Tuesday, June 29, 2010

The Man from Laramie

1955 Western

Rating: 15/20

Plot: A guy who rolls up the cuffs of his jeans brings a load of supplies from Laramie to Coronado, a dinky town controlled by a rancher named Waggoner. Secretly, he wants to get to the bottom of who's selling rifles to the Apaches. He has a run-in with the mischievous Waggoner son, resulting in his wagons being burned and his mules being shot. He decides to stick around anyway and gets on everybody's nerves.
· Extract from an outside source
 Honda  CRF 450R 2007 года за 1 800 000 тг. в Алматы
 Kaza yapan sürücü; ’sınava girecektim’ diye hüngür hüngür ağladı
It's still hard for me to see Jimmy Stewart as a tough guy, but there's a terrific long shot of a very pissed-off Jimmy walking toward a guy who wronged him who apparently is also the cameraman. It made a believer out of me. The fisticuffs that follow, wrastlin' amidst a herd of cattle on the dusty streets, have a grit that lends a realism to the proceedings, as do a few gun fights that come later. We catch the stock characters in medias res, but as the story unfolds, there's a depth to them that I really like. That story's a little uneven at times, and there's a ludicrous explosion along the way. Parts of certain conflicts seemed unresolved or, when I did squeeze pieces together, didn't really fit right. Sort of like Jimmy Stewart's pants. There had to be easier ways for some of these characters to get what they wanted in the movie. Regardless, this is beautifully shot and well-acted Western that shows off the great American West in a story that, although it wasn't, seems like it was pinched from the samurai.